Indeed, Cronkite figures prominently in the Administration's current offensive. While Nixon has declined to name names, the White House Communications Director, Ken Clawson, seemed to be speaking for the boss when he attacked Cronkite's interview with deposed Special Prosecutor Archibald Cox on the Evening News. "It was the biggest softball interview I've ever heard," Clawson complained. "He lobbed the ball slowly down the middle of the plate, stood there with a half-smile on his mustachioed face while Cox knocked every one over the fence. It was a case of the interviewee being ten times more intelligent than the interviewer." Clawson also rapped the anchorman's selection of interview subjects: "Cronkite has done only three interviews this year--Archie Cox, John Dean and Daniel Ellsberg. Some balance, huh?" (The Ellsberg segment was actually aired on June 23, 1971; late last week Cronkite added new Special Prosecutor Leon Jaworski to this year's tally.)
Cronkite blames this alleged imbalance squarely on the Administration. "We couldn't get anybody from the White House to come on our program," he said in an interview with TIME. "We made numerous requests to Haldeman, Ehrlichman, others, including the President himself. They could have sat there and hit my marshmallows as far as they liked." Cronkite added that he seeks no fight with his White House critics: "They've got a right to their opinions on our news judgments, no matter how erroneous, vindictive or personal those opinions are."
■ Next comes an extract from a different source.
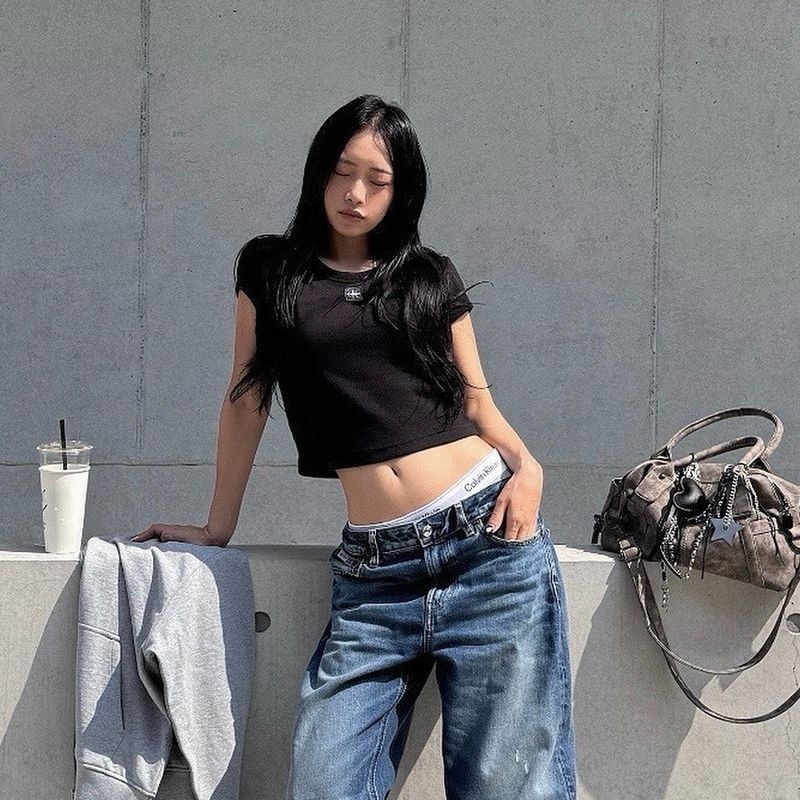 캘빈클라인 진 CK 여성 우븐라벨 립 베이비 티 47C200G UB1 27C911 75K201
The controversy reflects the long-held White House conviction that the nation's airwaves are in enemy hands. One White House official even blamed television for the public outcry over the Cox firing: "All three networks kept putting on people saying, 'The public will detest this,' blatantly calling for the public to respond. It was manufactured fervor." Hadn't the Administration often manufactured its own fervor, arranging for bogus telegrams and letters of support to flood the White House? "That was different," the official replied. "That fervor was stirred up covertly; this effort was done on the tube, appealing directly to the people."
That distinction is astonishing on a number of counts. The networks could hardly be blamed for the dearth of responsible people eager to support the President on the Cox dismissal; even many Republicans were critical on that issue. And the notion that it was TV's reporting of the act, rather than the act itself, that caused the furor underscores a basic White House misconception about journalism's role.
Far Cry. Last week the White House did issue point-by-point refutations of two damaging stories; that was a far cry from the blanket bombast that characterized its responses to earlier Watergate disclosures. But how much Nixon personally knows about the real quality of the news coverage of him is uncertain. He is said to depend largely on a daily digest of print and TV stories prepared by Buchanan's office. (Judging by how often Nixon is offended by news items, his dependence on Buchanan's synopses may be a myth.) These summaries are kept private, but some do surface. Press Critic Ben Bagdikian recently checked one 1971 briefing against tapes and transcripts of that day's news. He reported last week that Buchanan's summary was curiously free of public anti-Nixon commentary and that the outline was riddled with factual errors.
Bagdikian concluded that the summary "is filled with error for which major news organizations would fire a reporter. Yet it is precisely the practitioners of this slovenly and misleading reporting who for five years have been lecturing the American press on accuracy, fairness and balance." As Bagdikian himself has often pointed out, journalism's record for fairness and accuracy is hardly perfect. Further, the networks do wield immense power. But the Nixon Administration has yet to make a case that it has been systematically abused by the press.